Individuals with active addiction often become very defensive when confronted—even carefully—about their drinking or drug problem. In fact, many react with extreme emotional outbursts, as though someone has threatened their best friend or a beloved family member. The truth is, to an active addict, anyone attempting to confront the reality of their addiction is, in fact, bullying their closest friend.
An active addict’s drug of choice is not simply a substance. From their perspective, it is their security. The relationship they develop with drugs or alcohol becomes their most intimate and valued one. Therefore, people in their lives who were once cherished begin to feel abandoned and betrayed, as if they have been replaced by drugs or alcohol.
Indeed, they have.
Unfortunately, if friends, family members or significant others voice these feelings, thoughts or experiences regarding this reality or attempt to rescue the individual from the throes of active addiction, they are typically met with varying degrees of denial and distortion. These defense mechanisms are usually present with the active addict’s efforts to:
- deny a problem with drugs or alcohol
- dismiss any expressed pain or suffering caused by the abuse of these substances
- accuse those confronting the addiction of wrongful behavior
- shift blame and accountability to the intervening individuals
- manipulate said individuals with victimization, excuses and verbal expressions of martyrdom and self-pity
These behaviors work to defend active addiction by denying its existence and distorting the reality of its destructive nature. Ultimately, the combined forces of denial and distortion—as presented in the bulletin points—create a chaotic maze of the active addict’s circular logic and the loved one’s dizzying cycles of repeated attempts to communicate concern. The latter continually get stonewalled and eventually shut down. The well-orchestrated topsy-turvy outcome serves to distract and dissuade everyone from their attempts to confront the active addiction in the first place.
Distortion and Denial
In short, the process of confronting active addiction can be crazy-making. Moreover, to attempt to address it repeatedly is the definition of insanity—doing the same thing over and over and expecting different results. It is both a setup and a characteristic of codependency.

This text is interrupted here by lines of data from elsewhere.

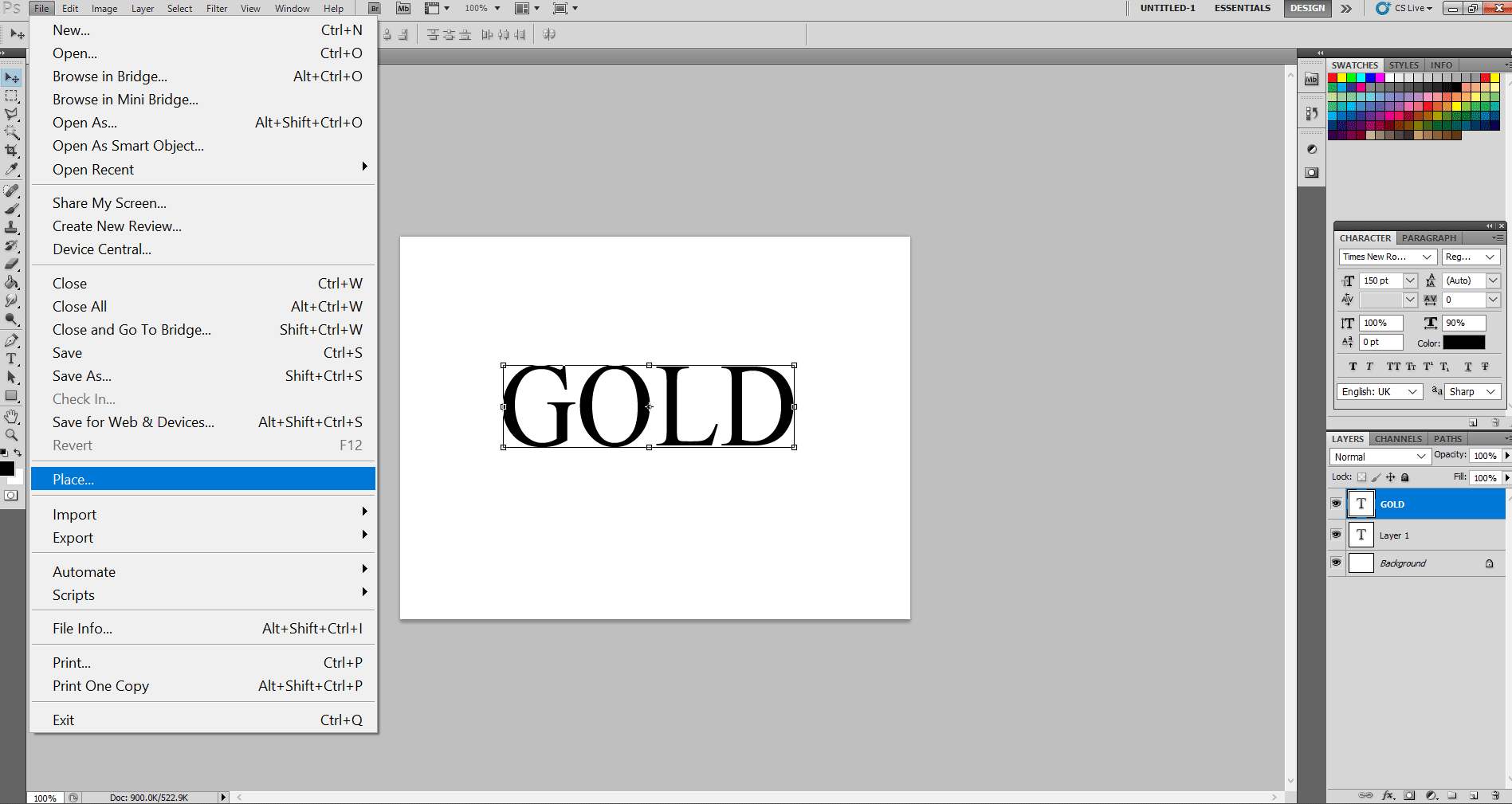 Gold Text Effect in Photoshop 1-23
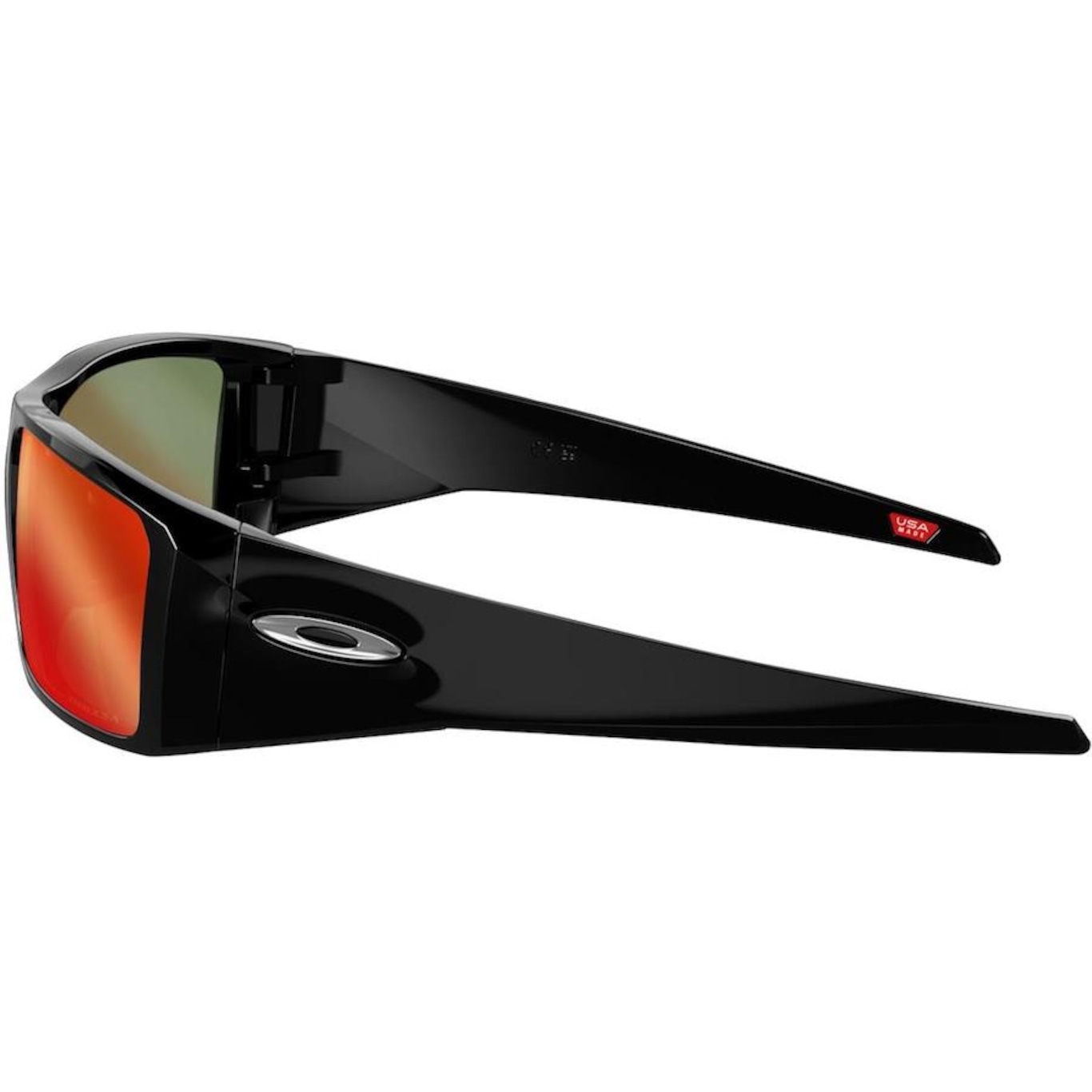 Óculos Unissex Oakley Heliostat Polished Lente Prizm Ruby - Foto 3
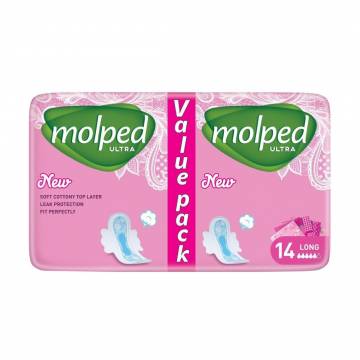 Гигиенические прокладки Molped Ultra Long, 14 шт Гигиенические прокладки Molped Ultra Long, 14 шт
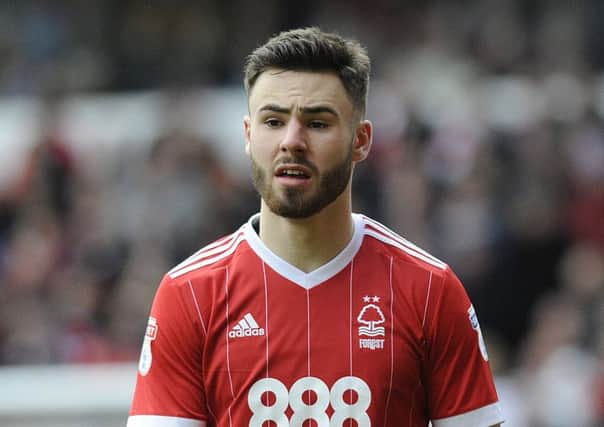 Ben Brereton pictured playing for Forest last season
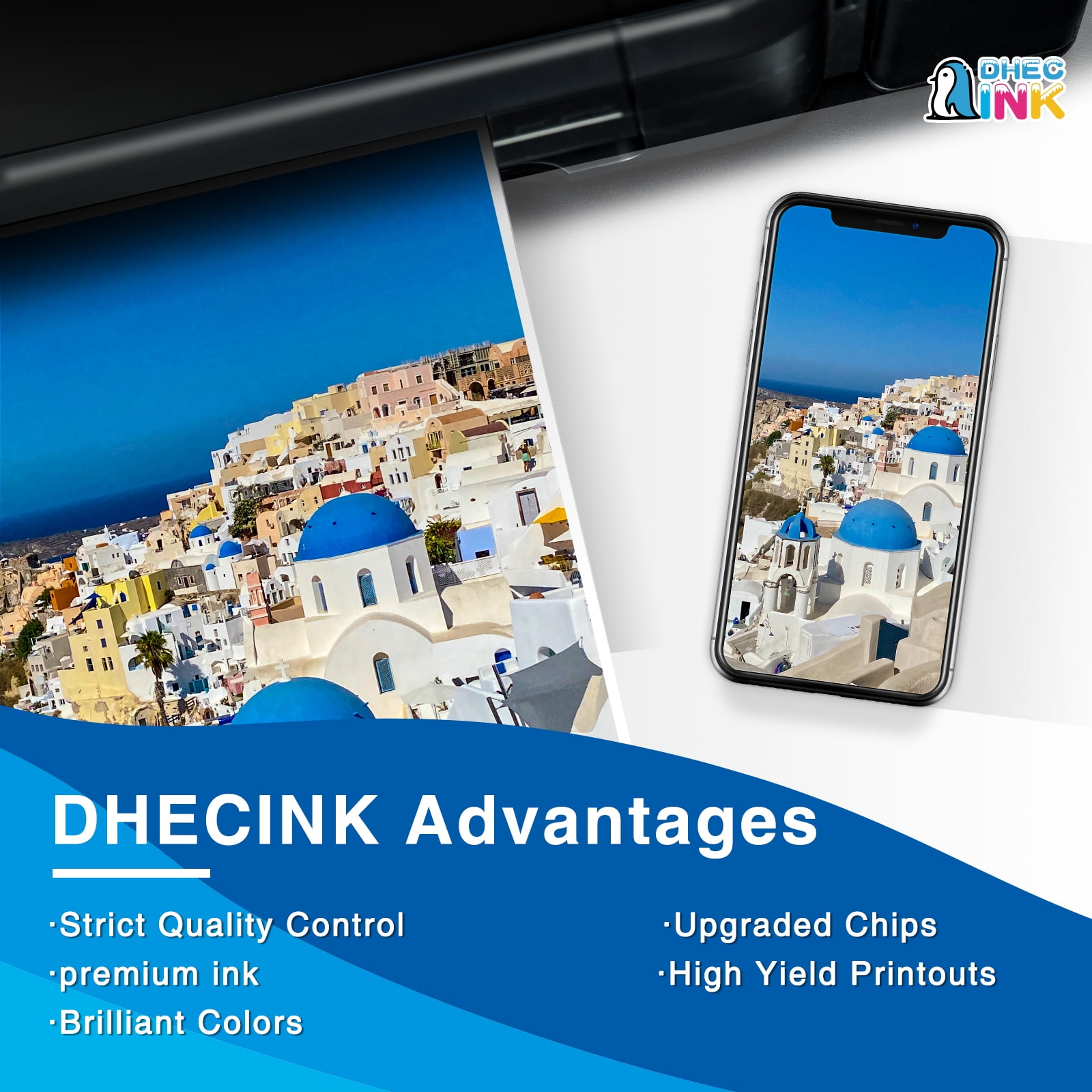 DHECINK Ink Cartridge Compatible for Epson 812 Ink Cartridges for Epson 812XL Printer Ink for Workforce Pro WF-7820 WF-7840 (Black Cyan Magenta Yellow)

That is the very reason denial and distortion are indeed addiction’s most powerful bodyguards. They not only work to protect the addictive substances and addiction itself. They also formulate such an insane, dysfunctional experience that those who become concerned and wish to interfere or intervene are forced to either maladapt and become increasingly codependent—a condition that requires recovery as well—or back off and simply let go.
Though the latter is always easier said than done, it is the necessary step each concerned individual must take in an effort to protect their own sanity and overall wellness. Aside from an organized intervention in which at least one helping professional is present to facilitate and mediate, there is nothing more that can be done to save an active addict from themselves. To prevent becoming an enabling part of the problem or an enmeshed piece of the dysfunction, loved ones must quickly employ their own empowering entourage: detachment and disengagement.